2. Show that $\sigma(a)\ne a,\forall\sigma\in G-\{1\}$ and all $a\in A$.where $G$ is abelian, transitive subgroup of $S_A$
3. Show that any abelian transitive subgroup of $S_n$ has order $n$
4. Showing that a transitive abelian permutation group is necessarily regular
5. how many abelian transitive subgroups of $S_{n}$
6. Every Transitive Permutation Group Has a Fixed Point Free Element

Answer 1

It is difficult for permutation actions to have the property that no non-identity element has fixed points. This property is called being free, and for a group $G$ acting on a set $X$ it is equivalent to any of the following conditions:

1. Every orbit is isomorphic to $G$ acting on itself by left multiplication.
2. $X$ admits a cartesian product decomposition $G \times Y$ where $Y$ is some other set (which can be identified with the set of orbits) and $G$ acts on the left factor by left multiplication.
3. Every stabilizer subgroup $G_x = \{ g \in G : gx = x \}$ is trivial.

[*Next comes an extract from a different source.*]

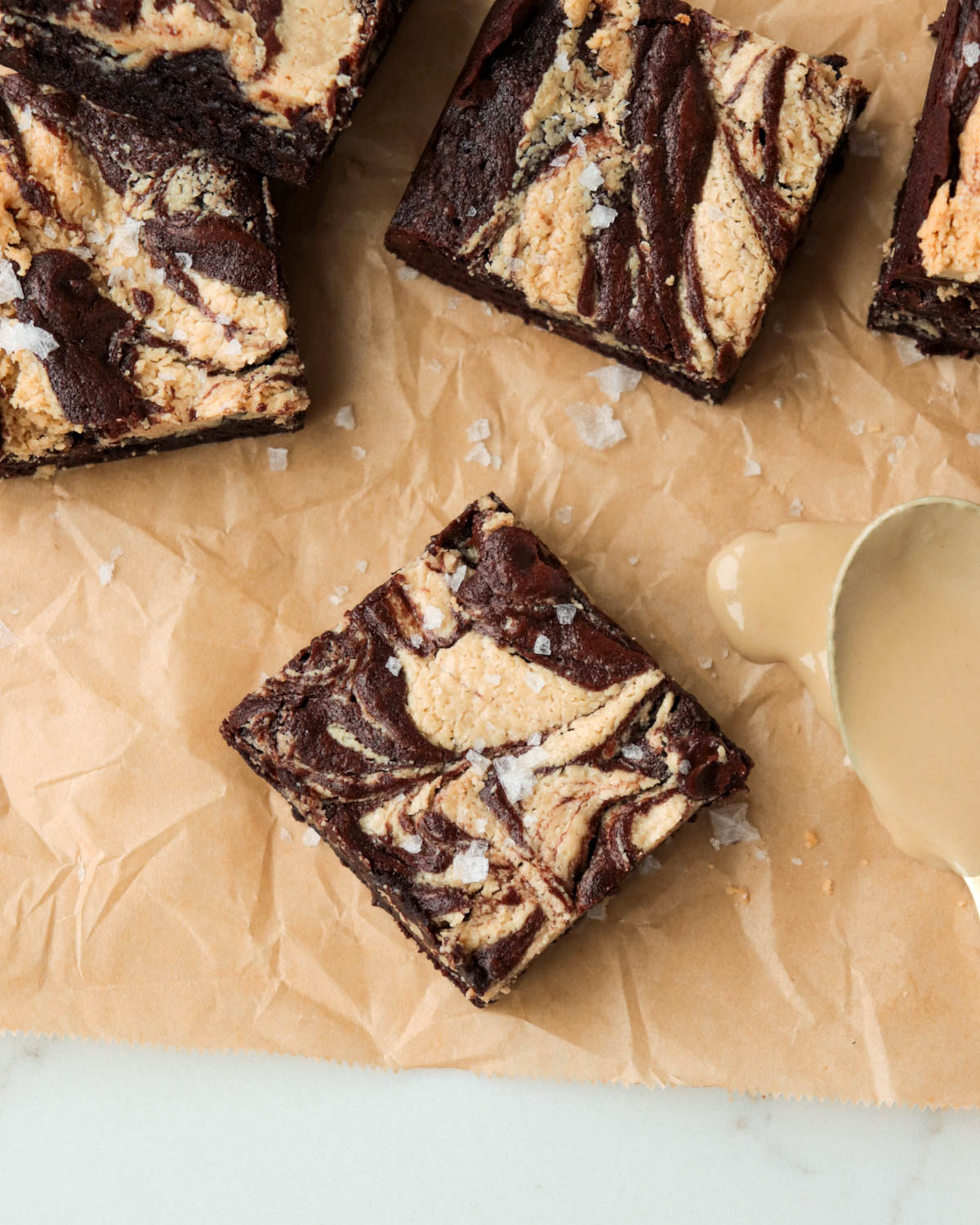 Brownie on a piece of parchment paper.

In particular, if $G$ and $X$ are both finite, a necessary condition for $X$ to be free is that $|G|$ divides $|X|$.

I don't know any conditions on a set of permutations guaranteeing that they generate a group that acts freely; basically the issue, as you've run into, is that it's hard to control how many fixed points a complicated product of your generators has. Abelianness doesn't really seem to make it easier either, as far as I can tell. If you'd like to make progress on this it would help to get a lot more specific about what specific sets of permutations you're interested in.

Edit: Here is another necessary condition. When a group acts freely every element $g$ of the group has to have a cycle decomposition in which every cycle has the same length, namely the order of $g$. So at a minimum the generators need to have this property.